Supplied data START
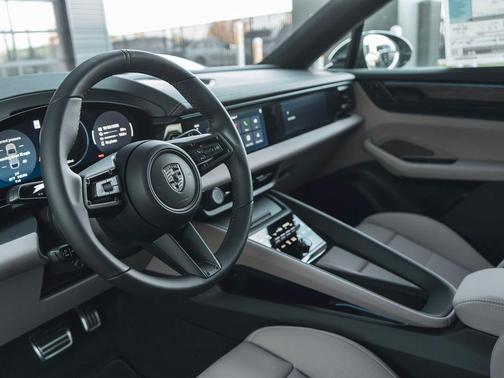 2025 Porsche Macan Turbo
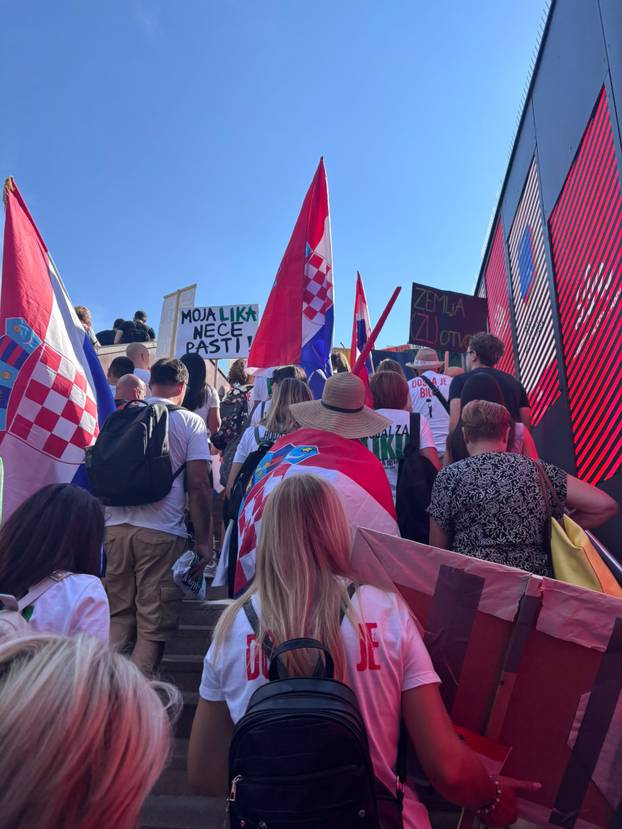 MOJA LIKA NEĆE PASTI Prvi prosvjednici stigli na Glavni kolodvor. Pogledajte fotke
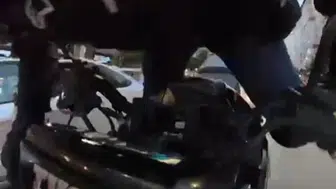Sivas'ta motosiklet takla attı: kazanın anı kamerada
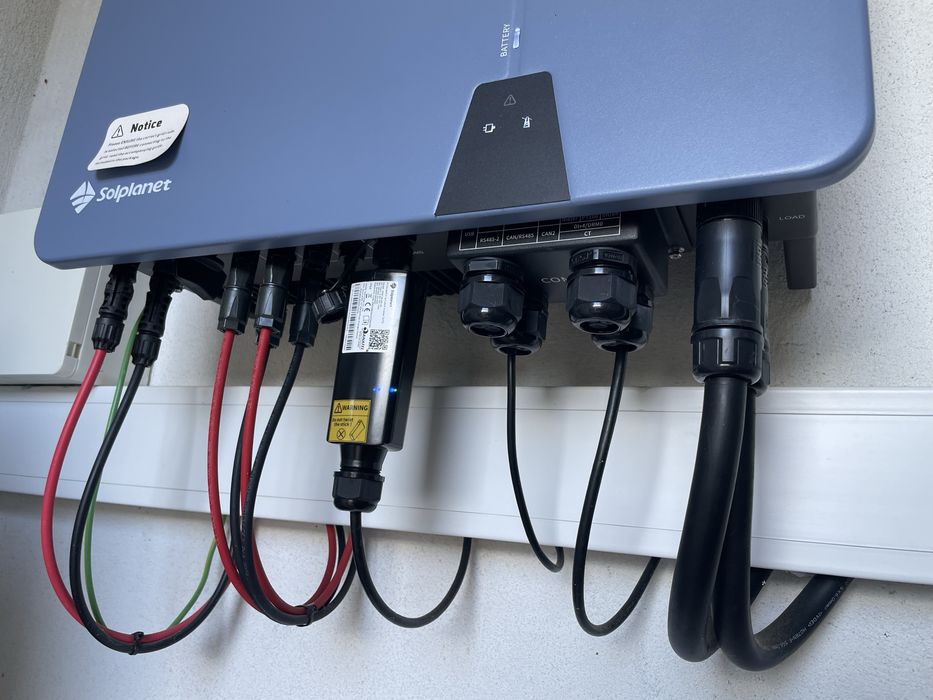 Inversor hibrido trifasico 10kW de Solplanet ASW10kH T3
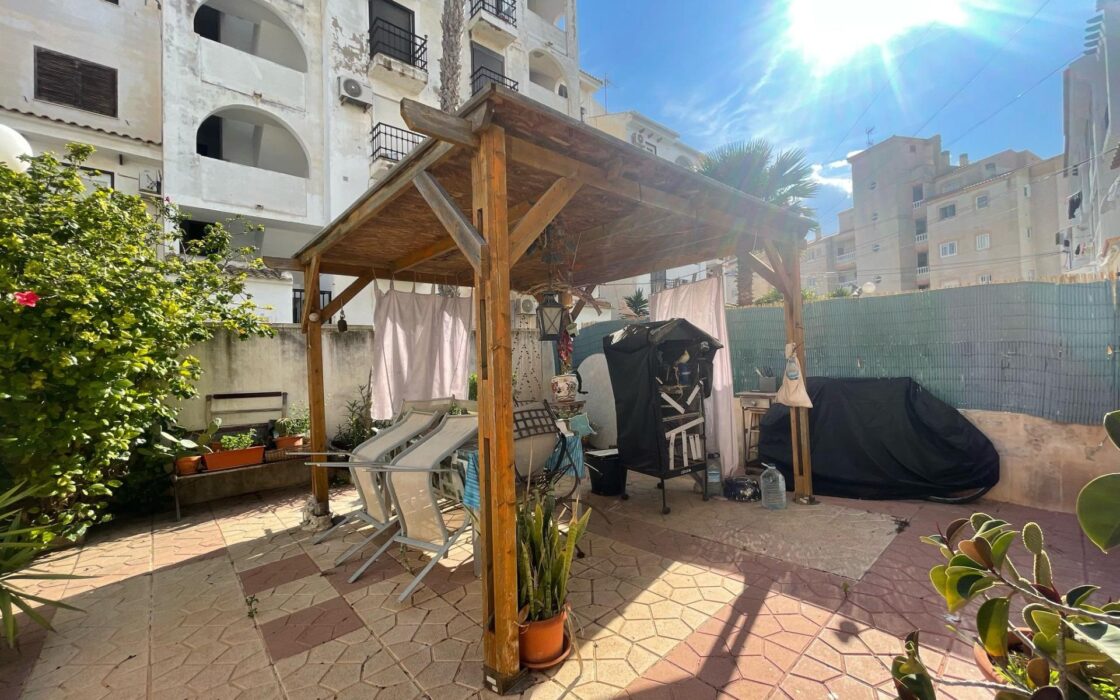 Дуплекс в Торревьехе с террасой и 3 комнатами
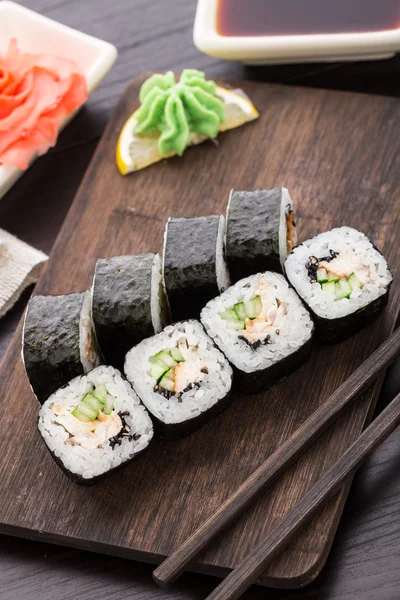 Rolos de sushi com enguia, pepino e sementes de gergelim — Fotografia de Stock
Supplied data END
• **Problem**: For this exercise, write the listing out again exactly, excluding all images.

• **Answer area**:
 2025 Porsche Macan Turbo
 MOJA LIKA NEĆE PASTI Prvi prosvjednici stigli na Glavni kolodvor. Pogledajte fotke
Sivas'ta motosiklet takla attı: kazanın anı kamerada
 Inversor hibrido trifasico 10kW de Solplanet ASW10kH T3
 Дуплекс в Торревьехе с террасой и 3 комнатами
 Rolos de sushi com enguia, pepino e sementes de gergelim — Fotografia de Stock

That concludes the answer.